Aliyev counts on a number of key allies. One of them is Turkey – the Azeris are a Turkic people, and Aliyev and Turkey’s President Erdogan are birds of an authoritarian feather. And another is Israel.
Why would Israel, a decent country, want to ally itself with so odious a regime, roundly condemned by every human rights groups around the world? Well, we understand Israel has strategic imperatives. It buys oil from Azerbaijan and finds a weapons market there, and it is more than rumored that the Azeris provide a forward base for Israeli operatives peering into Iran.
These are understandable reasons for Israel to conduct an essentially immoral dalliance – a time-dishonored model known euphemistically as realpolitik. But there are limits.
For Aliyev, Israel provides more than some diplomatic cover: it is a source of killer drones that played a major role in the 2020 war, qualitatively changing the military balance in favor of Baku and according it critical dominance in the sky. Indeed, Israel was one of the few states, together with Turkey, that supplied arms and military equipment in general to Azerbaijan during the war. It became an accomplice to aggression.
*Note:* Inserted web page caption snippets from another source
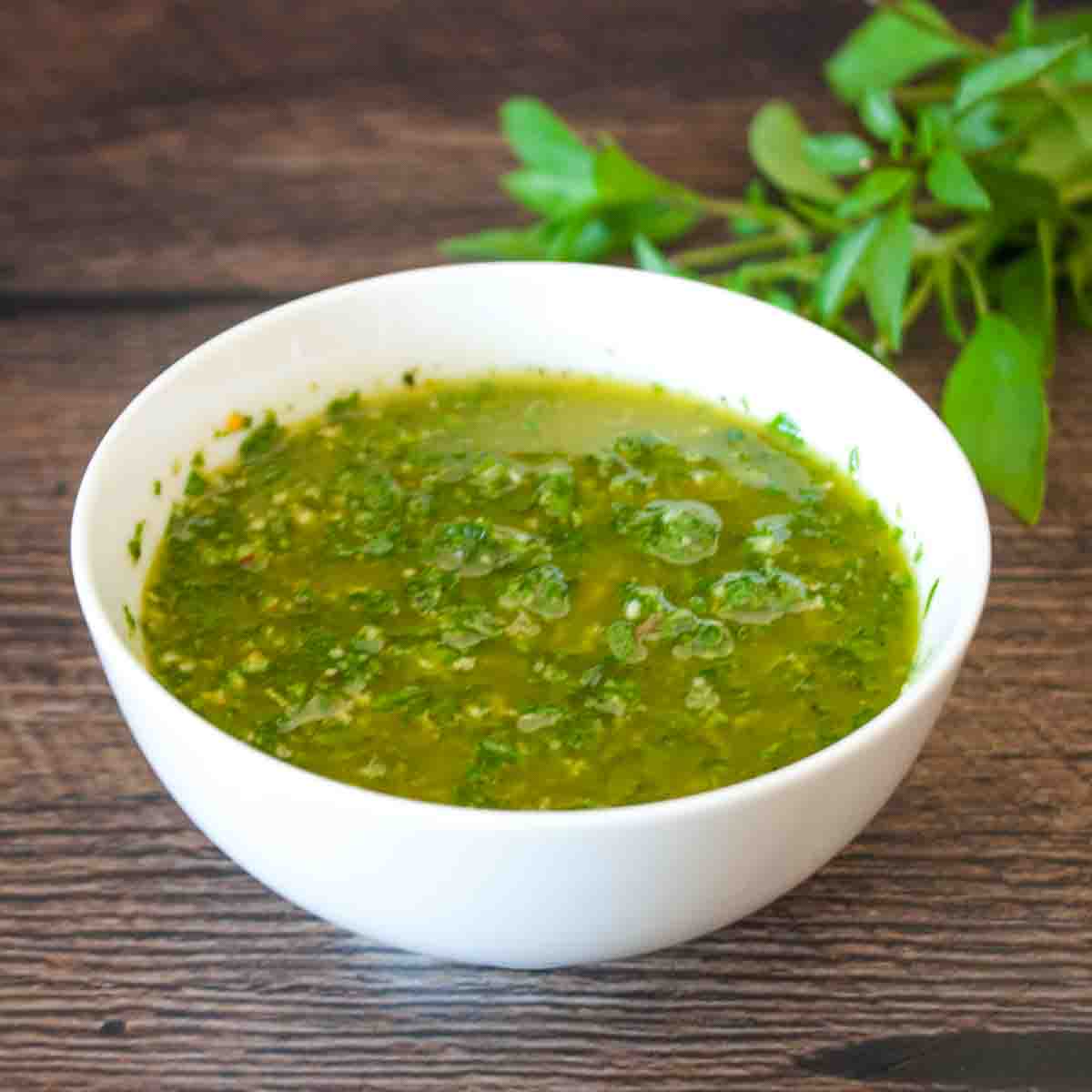 Basil chimichurri in a white serving bowl on a wooden table, with a bunch of fresh Thai basil in the background.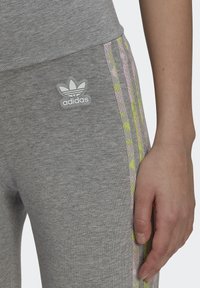 Pelēki sporta legingi ar pielāgotu dizainu, uzgūstot sudraba Adidas logo uz gurniem un krāsainām rakstainām sānu svītrām rozā un zaļā krāsā.
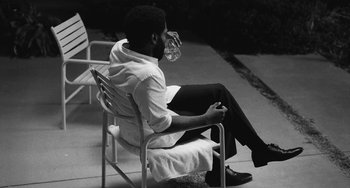 Movie still from “Malcolm & Marie” (2021), directed by Sam Levinson – A black and white photo of a man sitting in a chair; Medium shot, High angle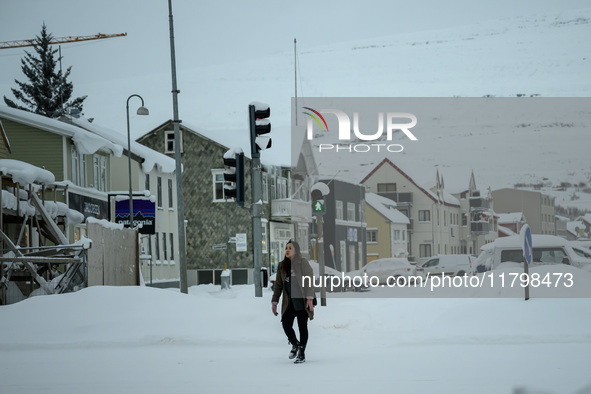 A person walks down a street in Akureyri, Iceland, on November 19, 2024. 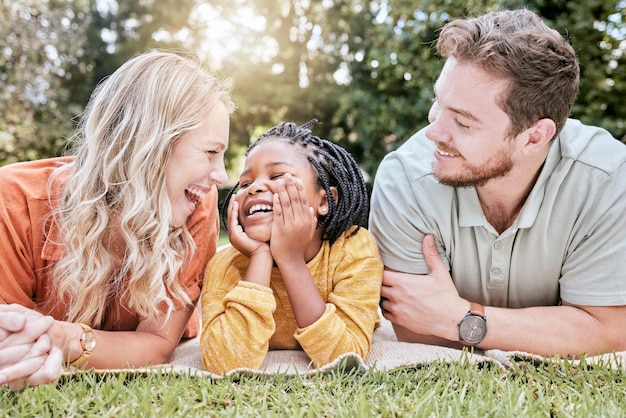 Adopción familiar y picnic en una manta en el parque con la madre, el padre y la niña negra en la naturaleza, relájese y feliz. Los niños y los padres de la diversidad se relajan en el césped en el patio y disfrutan del verano con amor o una sonrisa.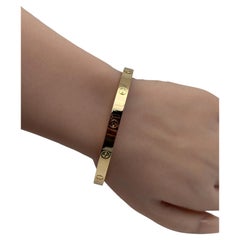 Bracciale Cartier Love, modello classico, oro giallo 18 carati, misura 21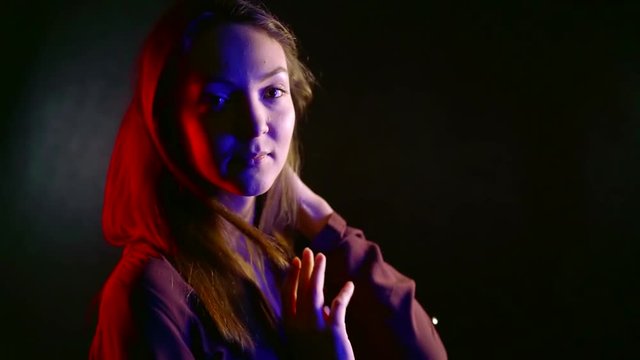 young pretty woman is posing in dark studio, medium shot, red blue white lights are on her face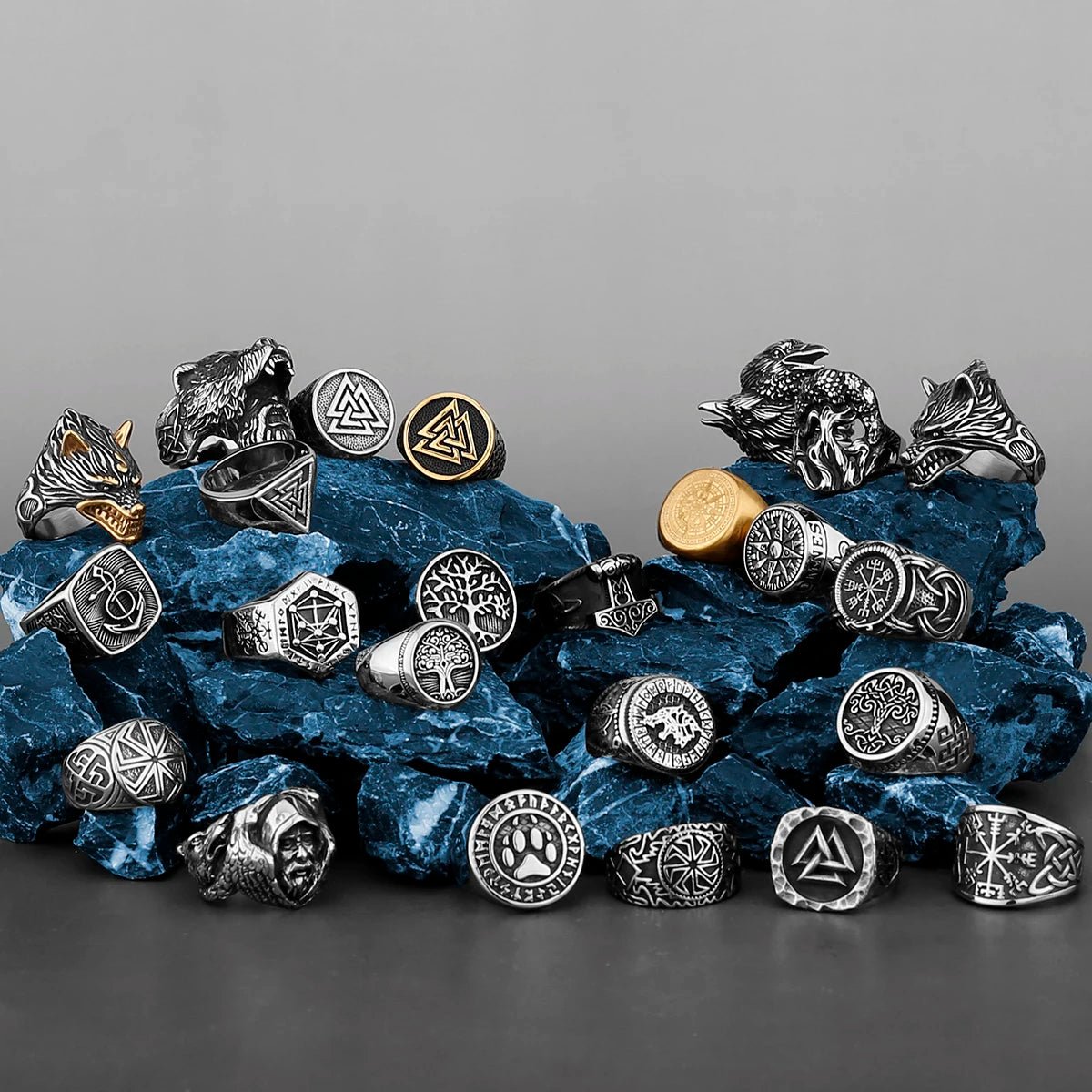 An artistic display of Viking-inspired rings arranged on textured blue stones. The collection features various Norse symbols, including the Valknut, Vegvísir, Yggdrasil, and Fenrir designs, in black, silver, and gold finishes.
During the attack on the sovereign territory of Armenia last fall, Azerbaijan again used Israeli drones. During one attack, on September 12-14, Azerbaijan occupied about 150 square kilometers of Armenian territory.
By providing military support to Baku, Israel in a way was probably aiming at Iran, but it hit Armenia.
The main formula for improving relations between Israel and Armenia, and between the Armenian people and the Jewish people, is to demonstrate that cooperation with a third side need not be directed against each other. In other words, Israel’s ties with Azerbaijan should not so grievously harm Armenia.
A concrete example of this could be the model that the U.S. has tested in Ukraine. Washington and its allies have avoided supplying Ukraine with weapons that can reach Russian territory. The logic is that Ukraine is in a position of defense, not an aggressor, so weapons should be used against Russian forces on Ukrainian territory only. In part, this attaches to an understanding that strikes on Russian territory could lead to a spiral of escalation. So the weapons supplied to Ukraine are for defense only.
A similar approach could be applied to the military and technical cooperation between Israel and Azerbaijan. One of the conditions for the supply of modern weaponry could be the condition that it is not used for aggression against Armenia, but for defense – perhaps against Iran. That would be a welcome signal that Israel is not acting against the interests of Armenia.
Another example could be cooperation between Armenia and Israel in health care, for example in field surgery. Given Israel’s advanced experience in this field, as well as the consequences for the Armenian side as a result of the use of Israeli UAVs by Azerbaijan, such a format might be appropriate and even symbolic.
Such cooperation can create opportunities with mutual benefits. A world badly riven might even benefit from a possible example provided by Israel and Armenia.
It helps to know history and to study one another. Not many people in Armenia and Israel know that there were at least 24 Armenians among the “Righteous Among the Nations” who helped Jews escape the Holocaust, some of their names engraved at Yad Vashem. Few know about the 13th-century Jewish cemetery that still exists in the Armenian village of Yeghegis, offering mute testament to ancient close ties.
Such historical echoes might inspire us to do better now.